Sunday, July 18, 2004

Second Life: 1st Impressions

Linden Labs has finally released their much awaited Second Life, a Massively Multiplayer Online Lego Set. The hype surrounding this game before launch has been tremendous. Has the game lived up? Almost... The unique design offers many opportunities, but one major drawback prevents it from being recommended.

The fun of Second life, and the major problem with it, is the freedom of creation. You build and script objects in the world, from simple benches to mansions to Soccer Balls to Casinos. The problem arises that the world has all of the beauty and serenity of a graffiti wall. Your little house by the hill may be surrounded by a dilapidated building consisting of four walls and a triangle, a Tie Fighter on a launchpad, a pole-shaped thingie extending several miles into the sky, and a floating billboard for a skin modelling company, among others. There is no stretch of land anywhere unclaimed, and there is very, very little that isn't loud, gawdy, attention-grabbing, poorly made, or some combination of the above.

Unfortunately, this is exactly the sort of thing most people are attempting to get away from: We live in loud, attention-grabbing cities, and would generally like to escape to something more structured and sane. The gameworld doesn't have the civilized feel of a city, with densely-packed space and open culture, but rather a suburbia with every parcel of land claimed and all of it wasted. But it has the dirty, technological, noisy feel of a city. Very few people bother to plant trees on their land, or go through any other sort of beautification with the surrounding environment. Even the people themselves can look like anything, from tiny little dwarves to pasty-white goth vampires to robby the robot.

It's not necessarily lunacy, but it *is* disconcerting.
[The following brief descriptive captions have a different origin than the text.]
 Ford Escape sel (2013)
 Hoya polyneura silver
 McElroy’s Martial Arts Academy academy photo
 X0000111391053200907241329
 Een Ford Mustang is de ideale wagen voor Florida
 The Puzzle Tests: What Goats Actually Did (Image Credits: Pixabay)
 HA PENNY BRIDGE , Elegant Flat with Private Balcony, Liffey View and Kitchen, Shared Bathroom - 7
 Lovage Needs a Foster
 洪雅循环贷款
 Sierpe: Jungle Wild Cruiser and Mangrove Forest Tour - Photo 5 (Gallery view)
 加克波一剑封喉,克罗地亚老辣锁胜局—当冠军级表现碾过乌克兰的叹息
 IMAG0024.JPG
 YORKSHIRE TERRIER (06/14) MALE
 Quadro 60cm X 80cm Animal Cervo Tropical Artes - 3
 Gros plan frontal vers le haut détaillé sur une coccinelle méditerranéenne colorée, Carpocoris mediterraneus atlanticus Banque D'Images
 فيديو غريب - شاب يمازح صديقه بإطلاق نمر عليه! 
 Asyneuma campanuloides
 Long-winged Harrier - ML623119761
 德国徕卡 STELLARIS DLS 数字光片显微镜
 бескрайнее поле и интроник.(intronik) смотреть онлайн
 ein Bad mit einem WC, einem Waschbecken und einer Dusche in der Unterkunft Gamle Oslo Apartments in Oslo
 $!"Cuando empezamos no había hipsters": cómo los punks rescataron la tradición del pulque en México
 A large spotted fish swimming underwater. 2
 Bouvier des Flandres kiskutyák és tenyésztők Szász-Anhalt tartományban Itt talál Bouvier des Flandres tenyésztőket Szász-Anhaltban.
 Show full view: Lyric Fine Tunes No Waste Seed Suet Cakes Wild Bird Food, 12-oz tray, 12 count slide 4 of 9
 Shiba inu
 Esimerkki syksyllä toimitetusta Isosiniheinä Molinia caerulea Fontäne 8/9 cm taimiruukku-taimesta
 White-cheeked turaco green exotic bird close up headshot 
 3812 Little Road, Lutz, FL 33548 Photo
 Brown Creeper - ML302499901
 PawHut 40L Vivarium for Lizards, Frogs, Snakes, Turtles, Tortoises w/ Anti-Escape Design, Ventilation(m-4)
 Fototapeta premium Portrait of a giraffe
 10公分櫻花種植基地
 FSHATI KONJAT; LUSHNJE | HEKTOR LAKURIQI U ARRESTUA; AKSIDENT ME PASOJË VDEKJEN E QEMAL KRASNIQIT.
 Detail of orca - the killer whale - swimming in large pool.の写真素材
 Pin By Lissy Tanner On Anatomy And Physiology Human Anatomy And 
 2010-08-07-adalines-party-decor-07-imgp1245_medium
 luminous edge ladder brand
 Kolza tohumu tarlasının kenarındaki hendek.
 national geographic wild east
Without an external area that people go to fight in, ala everquest, there is just no large open space within which one can be alone, or free, or communal. You can hardly sit down without paying attention to who owns the bench. Everything is owned, everything is shouting for attention, and everything looks different than everything else. The old-west themed area is refreshing, following the pre-concieved notions of design and function allows for a user to rest peacefully in a cute little town and recover sanity, but other than that area the game is a big artistic mess.

I wish the Second Life people much luck and much success... But, in addition to a tremendous server upgrade and continents more worth of land, they need to deal with issues such as how to regulate freedom so that the activities of one person do not create a form of aesthetic pollution that makes things less enjoyable for their other paying customers. Perhaps pre-set texture sets for given areas? Or single-purpose areas? We will have to see how they deal with this issue.